Born July 2, 1937, in Brooklyn, NY; married, 1963; children: two. Education: Dartmouth College, B.A., 1959; University of California at Los Angeles, Ph.D., 1971.

ADDRESSES:

Home—Washington, DC. Office—History Department, Tufts University, Upper Campus Rd., East Hall, Room 10, Medford, MA 02155. E-mail—martin.sherwin@tufts.edu.

CAREER:

Historian, educator, and writer. University of California, Berkeley, acting research professor of history and lecturer, 1967-71; Princeton University, Princeton, NJ, lecturer and research associate, 1973-80; Tufts University, Medford, MA, adjunct professor in Fletcher School of Law and Diplomacy, 1980-89, founding director of Nuclear Age History and Humanities Center, 1986-93, Walter S. Dickson professor of history, 1995—. Dartmouth College, 1993-95, adjunct professor of history and film studies, professor of liberal studies, and director of John Sloan Dickey Center. Visiting professor, University of Pennsylvania, 1979-80; Cardozo Fund Visiting Professor of American History, Yale University, 1980; Barnette-Miller Visiting Professor of International Relations, Wellesley College, 1983-84; has also taught U.S. history at Cornell University and the Massachusetts Institute of Technology. Advisor for documentary films on history of the nuclear age, including The Day after Trinity: A History of Nuclear Strategy, and the thirteen-part PBS series War and Peace in the Nuclear Age.

MEMBER:

Society of American Historians, Phi Beta Kappa (honorary).

AWARDS, HONORS:

Regents fellow, University of California, 1966-67; grant-in-aid, Harry S. Truman Foundation, 1968, 1977; research grant, Massachusetts Institute of Technology School of Humanities and Social Science, 1973-74; Stuart L. Bernath Book Prize from Society of Historians of American Foreign Relations, American History Book Prize from National Historical Society, National Book Award nomination from National Institute for Arts and Letters, and Pulitzer Prize finalist, all 1976, all for A World Destroyed: The Atomic Bomb and the Grand Alliance; Rockefeller Foundation fellowship, 1978-79; Professor of the Year Silver Medal Award, Council for Advancement and Support of Education, 1985, 1986; Guggenheim fellowship, 1986; George Kistiakowsky Fellow, American Academy of Arts and Sciences, 1988-89; research and writing grant, MacArthur Foundation, 1991; UNESCO Distinguished Professor of Humanities, 1995; National Book Critics Circle Award for biography, and Pulitzer Prize in biography, both 2006, both for American Prometheus: The Triumph and Tragedy of J. Robert Oppenheimer.

WRITINGS:

A World Destroyed: The Atomic Bomb and the Grand Alliance, Knopf (New York, NY), 1975, reprinted, with new author introduction, as A World Destroyed: Hiroshima and the Origins of the Arms Race, Vintage Books (New York, NY), 1987, 3rd edition, with foreword by Robert J. Lifton, published as A World Destroyed: Hiroshima and Its Legacies, Stanford University Press (Stanford, CA), 2003.

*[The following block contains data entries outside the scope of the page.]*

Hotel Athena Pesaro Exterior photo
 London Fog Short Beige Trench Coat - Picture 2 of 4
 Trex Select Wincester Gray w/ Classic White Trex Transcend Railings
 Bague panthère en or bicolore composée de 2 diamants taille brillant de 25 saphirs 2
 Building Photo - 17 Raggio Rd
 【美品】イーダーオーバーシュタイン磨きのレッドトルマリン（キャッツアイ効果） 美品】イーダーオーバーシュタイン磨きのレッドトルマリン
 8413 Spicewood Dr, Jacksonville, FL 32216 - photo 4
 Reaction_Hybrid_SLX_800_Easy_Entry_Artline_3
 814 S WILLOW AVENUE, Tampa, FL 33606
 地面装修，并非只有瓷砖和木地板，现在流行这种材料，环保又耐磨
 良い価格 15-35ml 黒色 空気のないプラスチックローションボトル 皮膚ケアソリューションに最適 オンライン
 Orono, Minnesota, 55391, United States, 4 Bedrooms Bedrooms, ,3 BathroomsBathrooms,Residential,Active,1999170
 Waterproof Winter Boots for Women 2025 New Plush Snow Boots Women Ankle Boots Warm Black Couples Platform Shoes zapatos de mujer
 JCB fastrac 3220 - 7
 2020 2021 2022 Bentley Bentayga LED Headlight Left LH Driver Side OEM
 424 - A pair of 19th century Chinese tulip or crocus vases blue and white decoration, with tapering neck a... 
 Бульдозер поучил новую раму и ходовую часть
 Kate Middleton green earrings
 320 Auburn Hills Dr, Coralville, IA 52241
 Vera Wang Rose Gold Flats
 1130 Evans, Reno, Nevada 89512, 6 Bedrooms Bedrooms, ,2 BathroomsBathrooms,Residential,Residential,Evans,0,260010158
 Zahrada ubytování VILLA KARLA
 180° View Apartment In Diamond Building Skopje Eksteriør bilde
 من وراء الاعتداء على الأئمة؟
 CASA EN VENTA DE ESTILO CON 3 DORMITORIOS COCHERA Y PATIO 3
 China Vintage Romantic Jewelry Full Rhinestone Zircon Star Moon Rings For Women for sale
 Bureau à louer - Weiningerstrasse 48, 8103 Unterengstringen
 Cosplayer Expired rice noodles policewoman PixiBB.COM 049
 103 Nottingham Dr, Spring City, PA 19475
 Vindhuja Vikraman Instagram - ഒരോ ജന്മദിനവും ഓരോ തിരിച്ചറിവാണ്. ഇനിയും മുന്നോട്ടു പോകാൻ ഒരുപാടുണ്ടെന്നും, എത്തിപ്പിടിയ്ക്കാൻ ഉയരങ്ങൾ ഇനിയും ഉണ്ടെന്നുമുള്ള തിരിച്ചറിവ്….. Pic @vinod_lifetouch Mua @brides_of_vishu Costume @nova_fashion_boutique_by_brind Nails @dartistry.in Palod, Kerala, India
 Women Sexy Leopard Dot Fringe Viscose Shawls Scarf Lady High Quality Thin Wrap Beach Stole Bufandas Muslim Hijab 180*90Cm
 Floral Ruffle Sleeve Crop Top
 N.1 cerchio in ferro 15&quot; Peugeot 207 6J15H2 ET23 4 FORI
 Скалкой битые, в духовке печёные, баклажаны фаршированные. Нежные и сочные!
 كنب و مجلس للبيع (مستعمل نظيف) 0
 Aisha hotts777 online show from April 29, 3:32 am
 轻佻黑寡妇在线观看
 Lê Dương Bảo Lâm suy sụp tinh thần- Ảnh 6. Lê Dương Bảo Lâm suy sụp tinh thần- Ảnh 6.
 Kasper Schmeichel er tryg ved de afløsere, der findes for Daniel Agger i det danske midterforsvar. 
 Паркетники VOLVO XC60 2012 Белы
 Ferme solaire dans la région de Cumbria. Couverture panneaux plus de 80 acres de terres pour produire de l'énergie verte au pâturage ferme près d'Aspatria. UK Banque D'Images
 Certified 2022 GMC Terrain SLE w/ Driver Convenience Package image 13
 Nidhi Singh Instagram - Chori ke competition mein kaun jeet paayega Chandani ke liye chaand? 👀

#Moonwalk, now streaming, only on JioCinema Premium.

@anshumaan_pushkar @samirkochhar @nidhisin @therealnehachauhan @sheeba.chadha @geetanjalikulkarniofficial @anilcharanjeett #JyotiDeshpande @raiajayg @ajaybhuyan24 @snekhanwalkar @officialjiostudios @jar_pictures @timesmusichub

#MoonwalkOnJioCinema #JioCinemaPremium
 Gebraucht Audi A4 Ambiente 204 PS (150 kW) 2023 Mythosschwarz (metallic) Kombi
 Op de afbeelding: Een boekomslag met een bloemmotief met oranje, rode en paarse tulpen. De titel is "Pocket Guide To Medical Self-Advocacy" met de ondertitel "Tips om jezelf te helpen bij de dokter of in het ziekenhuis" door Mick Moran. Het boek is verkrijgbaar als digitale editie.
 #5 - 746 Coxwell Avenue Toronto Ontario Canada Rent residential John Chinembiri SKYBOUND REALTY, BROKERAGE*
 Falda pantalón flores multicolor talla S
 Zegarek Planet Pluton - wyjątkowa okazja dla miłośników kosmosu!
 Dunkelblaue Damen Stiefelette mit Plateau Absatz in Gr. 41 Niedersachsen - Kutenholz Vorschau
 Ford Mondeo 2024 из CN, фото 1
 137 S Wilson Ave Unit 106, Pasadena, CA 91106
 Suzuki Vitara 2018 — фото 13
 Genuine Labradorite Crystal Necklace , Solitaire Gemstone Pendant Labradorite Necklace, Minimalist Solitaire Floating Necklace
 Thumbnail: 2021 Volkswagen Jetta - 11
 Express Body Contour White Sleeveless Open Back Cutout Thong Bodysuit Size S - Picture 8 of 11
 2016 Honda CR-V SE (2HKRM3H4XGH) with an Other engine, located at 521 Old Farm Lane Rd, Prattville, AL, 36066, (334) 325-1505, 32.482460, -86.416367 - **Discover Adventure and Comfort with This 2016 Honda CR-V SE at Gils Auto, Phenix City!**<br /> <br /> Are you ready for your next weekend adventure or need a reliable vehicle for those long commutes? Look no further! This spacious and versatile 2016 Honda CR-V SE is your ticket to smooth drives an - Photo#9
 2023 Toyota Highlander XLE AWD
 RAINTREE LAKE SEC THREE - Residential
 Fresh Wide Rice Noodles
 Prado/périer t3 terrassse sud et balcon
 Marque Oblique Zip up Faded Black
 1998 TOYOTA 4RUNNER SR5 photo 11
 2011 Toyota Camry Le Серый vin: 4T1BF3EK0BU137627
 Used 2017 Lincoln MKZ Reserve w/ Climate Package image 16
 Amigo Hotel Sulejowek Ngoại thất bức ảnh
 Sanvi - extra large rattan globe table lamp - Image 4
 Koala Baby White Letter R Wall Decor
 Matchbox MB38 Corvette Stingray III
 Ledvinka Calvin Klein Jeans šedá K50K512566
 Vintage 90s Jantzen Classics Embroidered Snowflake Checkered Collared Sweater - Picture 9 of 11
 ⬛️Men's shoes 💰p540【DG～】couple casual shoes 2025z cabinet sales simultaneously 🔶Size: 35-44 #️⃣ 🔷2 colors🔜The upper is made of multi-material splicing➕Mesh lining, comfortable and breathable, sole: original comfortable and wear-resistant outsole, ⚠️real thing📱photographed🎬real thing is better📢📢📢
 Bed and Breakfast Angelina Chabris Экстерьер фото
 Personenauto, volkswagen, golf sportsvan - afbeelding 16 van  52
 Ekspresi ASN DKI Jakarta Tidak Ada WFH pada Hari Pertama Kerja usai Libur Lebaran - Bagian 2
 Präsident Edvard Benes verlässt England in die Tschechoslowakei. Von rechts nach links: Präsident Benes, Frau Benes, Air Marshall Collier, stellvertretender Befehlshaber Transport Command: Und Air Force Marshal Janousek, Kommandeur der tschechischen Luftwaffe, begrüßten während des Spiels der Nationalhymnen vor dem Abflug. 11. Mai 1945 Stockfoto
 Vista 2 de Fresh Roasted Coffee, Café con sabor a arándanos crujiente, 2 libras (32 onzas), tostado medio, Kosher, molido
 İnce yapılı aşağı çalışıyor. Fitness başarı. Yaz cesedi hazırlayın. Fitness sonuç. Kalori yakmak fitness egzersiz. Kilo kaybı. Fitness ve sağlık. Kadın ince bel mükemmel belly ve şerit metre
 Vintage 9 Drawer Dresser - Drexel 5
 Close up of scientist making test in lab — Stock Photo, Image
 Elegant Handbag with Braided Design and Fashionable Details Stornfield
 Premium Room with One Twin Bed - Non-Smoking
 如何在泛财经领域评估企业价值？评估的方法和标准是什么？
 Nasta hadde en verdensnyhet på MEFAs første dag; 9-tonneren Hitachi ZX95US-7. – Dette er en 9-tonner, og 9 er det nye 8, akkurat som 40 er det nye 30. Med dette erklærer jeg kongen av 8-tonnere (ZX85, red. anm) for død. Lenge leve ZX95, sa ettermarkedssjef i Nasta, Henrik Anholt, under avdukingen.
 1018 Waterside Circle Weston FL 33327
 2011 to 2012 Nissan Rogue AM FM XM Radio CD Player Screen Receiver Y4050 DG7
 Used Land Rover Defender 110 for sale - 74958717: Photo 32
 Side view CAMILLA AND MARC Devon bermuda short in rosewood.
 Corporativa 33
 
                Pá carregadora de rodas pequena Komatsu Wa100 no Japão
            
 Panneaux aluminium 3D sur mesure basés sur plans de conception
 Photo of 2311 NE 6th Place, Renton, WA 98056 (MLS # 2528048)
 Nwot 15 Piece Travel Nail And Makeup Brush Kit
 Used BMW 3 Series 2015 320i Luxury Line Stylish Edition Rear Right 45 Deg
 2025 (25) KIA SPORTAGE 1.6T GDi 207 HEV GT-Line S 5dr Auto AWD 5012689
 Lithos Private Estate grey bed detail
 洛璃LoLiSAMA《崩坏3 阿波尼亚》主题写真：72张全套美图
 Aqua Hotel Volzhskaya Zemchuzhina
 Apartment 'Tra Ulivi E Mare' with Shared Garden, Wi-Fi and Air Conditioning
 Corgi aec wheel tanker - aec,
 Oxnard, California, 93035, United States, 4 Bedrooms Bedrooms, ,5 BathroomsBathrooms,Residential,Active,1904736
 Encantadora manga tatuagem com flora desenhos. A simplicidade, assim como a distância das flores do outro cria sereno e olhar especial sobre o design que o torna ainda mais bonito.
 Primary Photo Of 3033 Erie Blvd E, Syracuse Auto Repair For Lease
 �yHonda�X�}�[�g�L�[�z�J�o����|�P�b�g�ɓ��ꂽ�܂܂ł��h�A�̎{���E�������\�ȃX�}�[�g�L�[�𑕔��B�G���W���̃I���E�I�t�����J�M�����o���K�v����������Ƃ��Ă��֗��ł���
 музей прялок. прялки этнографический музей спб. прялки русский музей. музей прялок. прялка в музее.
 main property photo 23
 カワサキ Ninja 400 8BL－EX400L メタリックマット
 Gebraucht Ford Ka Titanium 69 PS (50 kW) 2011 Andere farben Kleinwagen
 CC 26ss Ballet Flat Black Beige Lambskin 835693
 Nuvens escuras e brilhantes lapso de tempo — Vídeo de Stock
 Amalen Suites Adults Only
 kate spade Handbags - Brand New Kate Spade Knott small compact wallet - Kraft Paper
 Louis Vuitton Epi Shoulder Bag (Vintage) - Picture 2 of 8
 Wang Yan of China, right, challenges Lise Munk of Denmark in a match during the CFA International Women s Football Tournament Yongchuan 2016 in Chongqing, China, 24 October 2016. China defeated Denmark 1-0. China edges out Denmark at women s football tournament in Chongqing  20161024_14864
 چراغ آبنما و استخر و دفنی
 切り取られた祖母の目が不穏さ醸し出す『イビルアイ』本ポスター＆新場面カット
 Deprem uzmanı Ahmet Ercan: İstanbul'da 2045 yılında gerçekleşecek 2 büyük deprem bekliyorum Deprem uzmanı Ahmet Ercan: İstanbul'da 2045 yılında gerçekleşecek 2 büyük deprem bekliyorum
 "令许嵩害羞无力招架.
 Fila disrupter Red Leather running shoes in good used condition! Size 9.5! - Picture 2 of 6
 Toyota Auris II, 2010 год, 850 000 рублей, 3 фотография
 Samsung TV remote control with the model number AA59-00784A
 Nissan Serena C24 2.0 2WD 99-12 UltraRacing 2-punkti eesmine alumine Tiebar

(With Kai Bird) American Prometheus: The Triumph and Tragedy of J. Robert Oppenheimer, Knopf (New York, NY), 2005.

SIDELIGHTS:

Martin J. Sherwin is a professor of history at Tufts University and the founding director of Tufts's Nuclear Age History and Humanities Center. He is also the founding director and executive producer of the Global Classroom project, in which U.S. students are linked by satellite to students in Moscow so that they can have discussions about current events and major world issues. He also served on the advisory board for the cancelled Enola Gay Exhibit that was to be on display at the Smithsonian's National Air and Space Museum. Sherwin has worked on a number of documentary films that pertain to the history of the nuclear age, including a thirteen-part series for the Public Broadcasting Service (PBS) titled War and Peace in the Nuclear Age.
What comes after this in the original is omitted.